§ Action item: Reproduce exactly the lines below from the one containing "F.It Silk Blend Shirt With Classic Collar" through the one containing "lemontti Husa Shield", including both, and nothing else.

*** Opening of Provided data ***

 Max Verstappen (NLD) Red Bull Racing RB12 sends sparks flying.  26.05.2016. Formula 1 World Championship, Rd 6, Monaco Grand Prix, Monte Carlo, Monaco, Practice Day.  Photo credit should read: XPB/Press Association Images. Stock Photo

*** Close of Provided data ***
*** Opening of Provided data ***

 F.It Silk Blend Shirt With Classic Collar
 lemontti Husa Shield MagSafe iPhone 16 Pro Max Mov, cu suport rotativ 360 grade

*** Close of Provided data ***
*** Opening of Provided data ***

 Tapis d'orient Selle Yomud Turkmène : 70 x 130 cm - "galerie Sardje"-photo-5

*** Close of Provided data ***

§ Exercise response:
 F.It Silk Blend Shirt With Classic Collar
 lemontti Husa Shield MagSafe iPhone 16 Pro Max Mov, cu suport rotativ 360 grade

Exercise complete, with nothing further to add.